== TASK DETAILS ==
Within the data that follows, set down exactly the lines from the one containing "7 Happeace LANE, Titirangi, Titirangi" through the one containing "Everbilt 1 HP", both ends included.
Top of RECORDS SHOWN
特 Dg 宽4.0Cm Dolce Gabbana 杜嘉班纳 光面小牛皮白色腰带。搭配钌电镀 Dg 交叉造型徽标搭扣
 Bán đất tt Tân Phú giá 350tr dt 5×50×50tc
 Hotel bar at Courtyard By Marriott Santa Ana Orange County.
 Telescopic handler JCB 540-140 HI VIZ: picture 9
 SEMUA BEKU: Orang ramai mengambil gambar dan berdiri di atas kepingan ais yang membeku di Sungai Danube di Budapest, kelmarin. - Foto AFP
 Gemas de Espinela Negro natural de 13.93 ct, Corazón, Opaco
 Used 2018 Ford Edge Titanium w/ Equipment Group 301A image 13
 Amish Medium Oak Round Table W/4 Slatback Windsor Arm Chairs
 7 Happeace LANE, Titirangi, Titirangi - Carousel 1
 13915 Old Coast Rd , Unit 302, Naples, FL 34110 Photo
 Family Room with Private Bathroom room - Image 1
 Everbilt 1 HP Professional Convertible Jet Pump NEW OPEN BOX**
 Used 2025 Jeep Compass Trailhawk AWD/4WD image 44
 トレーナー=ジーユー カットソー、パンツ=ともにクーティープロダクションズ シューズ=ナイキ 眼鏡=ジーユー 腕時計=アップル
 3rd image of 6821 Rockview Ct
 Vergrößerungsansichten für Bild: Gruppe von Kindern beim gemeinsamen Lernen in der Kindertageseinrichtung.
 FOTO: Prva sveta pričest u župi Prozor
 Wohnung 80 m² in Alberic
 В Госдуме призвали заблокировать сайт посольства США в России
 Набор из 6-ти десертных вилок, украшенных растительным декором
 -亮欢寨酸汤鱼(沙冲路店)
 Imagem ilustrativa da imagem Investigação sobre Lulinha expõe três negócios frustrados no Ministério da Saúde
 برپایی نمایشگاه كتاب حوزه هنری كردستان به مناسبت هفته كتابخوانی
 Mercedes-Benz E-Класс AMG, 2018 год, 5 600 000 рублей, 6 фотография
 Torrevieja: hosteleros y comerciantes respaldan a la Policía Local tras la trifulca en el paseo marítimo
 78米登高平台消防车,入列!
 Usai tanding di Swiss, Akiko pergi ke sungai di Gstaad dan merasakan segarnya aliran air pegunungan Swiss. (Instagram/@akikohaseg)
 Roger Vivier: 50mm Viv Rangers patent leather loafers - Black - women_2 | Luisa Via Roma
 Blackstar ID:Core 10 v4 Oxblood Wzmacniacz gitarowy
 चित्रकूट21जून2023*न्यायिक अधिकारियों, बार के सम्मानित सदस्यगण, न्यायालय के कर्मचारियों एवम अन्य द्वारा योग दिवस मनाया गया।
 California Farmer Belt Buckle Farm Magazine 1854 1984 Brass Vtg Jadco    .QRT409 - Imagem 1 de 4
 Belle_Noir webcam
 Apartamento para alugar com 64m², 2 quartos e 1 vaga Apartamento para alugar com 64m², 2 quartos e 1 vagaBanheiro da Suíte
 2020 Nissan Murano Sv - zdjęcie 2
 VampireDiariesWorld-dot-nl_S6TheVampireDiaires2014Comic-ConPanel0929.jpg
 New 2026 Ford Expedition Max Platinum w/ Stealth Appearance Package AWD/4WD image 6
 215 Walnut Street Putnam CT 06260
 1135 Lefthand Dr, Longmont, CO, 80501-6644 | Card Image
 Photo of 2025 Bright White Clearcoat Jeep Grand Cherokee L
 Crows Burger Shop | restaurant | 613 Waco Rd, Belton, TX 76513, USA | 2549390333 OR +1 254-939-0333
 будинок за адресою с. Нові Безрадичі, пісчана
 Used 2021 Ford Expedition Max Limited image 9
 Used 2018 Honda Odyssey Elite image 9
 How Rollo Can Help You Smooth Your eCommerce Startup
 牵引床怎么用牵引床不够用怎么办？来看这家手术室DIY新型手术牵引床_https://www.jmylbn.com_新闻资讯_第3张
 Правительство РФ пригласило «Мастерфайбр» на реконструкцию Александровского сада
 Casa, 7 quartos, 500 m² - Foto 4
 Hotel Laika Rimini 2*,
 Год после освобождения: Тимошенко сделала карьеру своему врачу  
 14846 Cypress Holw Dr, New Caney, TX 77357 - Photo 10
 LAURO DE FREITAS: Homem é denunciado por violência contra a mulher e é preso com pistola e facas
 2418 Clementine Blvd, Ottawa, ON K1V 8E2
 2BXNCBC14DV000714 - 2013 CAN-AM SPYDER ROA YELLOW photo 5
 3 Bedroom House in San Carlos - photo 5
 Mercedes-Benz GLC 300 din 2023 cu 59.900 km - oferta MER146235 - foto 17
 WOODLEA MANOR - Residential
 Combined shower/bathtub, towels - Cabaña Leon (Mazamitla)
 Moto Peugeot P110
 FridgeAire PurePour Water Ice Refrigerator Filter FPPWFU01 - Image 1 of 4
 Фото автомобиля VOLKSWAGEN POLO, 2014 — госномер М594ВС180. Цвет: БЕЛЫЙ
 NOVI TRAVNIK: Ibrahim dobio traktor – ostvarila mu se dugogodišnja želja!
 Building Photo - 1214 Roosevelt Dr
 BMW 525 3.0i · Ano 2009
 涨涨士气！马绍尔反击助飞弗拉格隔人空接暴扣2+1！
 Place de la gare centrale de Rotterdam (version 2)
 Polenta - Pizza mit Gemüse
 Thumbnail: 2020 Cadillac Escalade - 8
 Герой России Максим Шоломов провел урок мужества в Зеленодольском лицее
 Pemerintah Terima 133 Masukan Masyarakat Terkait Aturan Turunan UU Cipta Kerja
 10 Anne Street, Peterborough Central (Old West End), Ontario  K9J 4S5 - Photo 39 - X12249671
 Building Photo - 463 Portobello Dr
Bottom of RECORDS SHOWN
== SOLVED PROBLEM ==
 7 Happeace LANE, Titirangi, Titirangi - Carousel 1
 13915 Old Coast Rd , Unit 302, Naples, FL 34110 Photo
 Family Room with Private Bathroom room - Image 1
 Everbilt 1 HP Professional Convertible Jet Pump NEW OPEN BOX**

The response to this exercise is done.